The dark side of light

The dark side of light

There was a time when stars in the night sky were a simile for infinity — one could see so many spluttered across a black blanket that counting them would take a lifetime! Fast forward to today, the night sky is lit not by the moon or stars but by city lights. Indiscriminate use of artificial light — from light bulbs in buildings to sodium lamps on streets to glaring neon billboards — has killed the joy of stargazing.

It is estimated that about 83% of the world’s population lives in areas contaminated by light pollution. That is, only about one in five have the joy of watching the Milky Way every night! 

No wonder that in 1994, when Los Angeles experienced a blackout, people panicked when they saw a cloud of stars in the sky! What they indeed saw was our galaxy.

Light pollution is doubling each year and threatening not only our sky-watching habits but also disrupting our sleep cycles, the circadian rhythm and ultimately our health. Several studies have shown the devastating effects artificial light has on wildlife—on sea turtles, fireflies, amphibians and birds.

Excess light also hinders astronomical studies and hence scientists are continuously on the lookout for pristine mountain tops to watch over the universe. In India, studies show that light pollution is increasing alarmingly in New Delhi, Telangana, Maharashtra, Karnataka and Uttar Pradesh, while cities in West Bengal, Gujarat, and Tamil Nadu are not far behind. 

The International Dark-Sky Association, an Arizona-based organisation, works to protect the night skies for the present and future generations.
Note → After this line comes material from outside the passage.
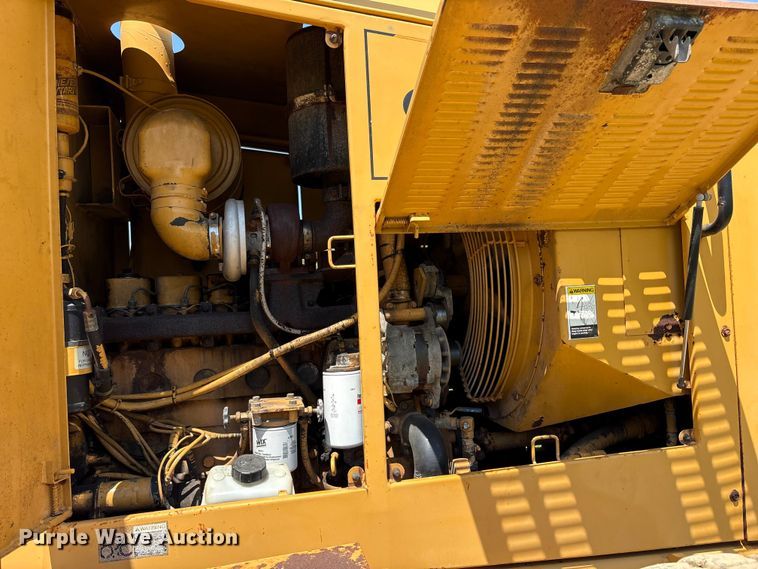 image for item FK1497 1996 Champion 710A motor grader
It is celebrating the week of 5–11 April as the International Dark Sky Week to raise awareness about light pollution and its harmful effects.

As citizens of the globe, you can help protect our planet by using artificial light only when needed. If you are passionate, you could join citizen science initiatives like Globe at Night to document your city’s skyglow and measure it using a smartphone. Such efforts can help policymakers realise how widespread light pollution is and act on it. After all, dark is as essential as light!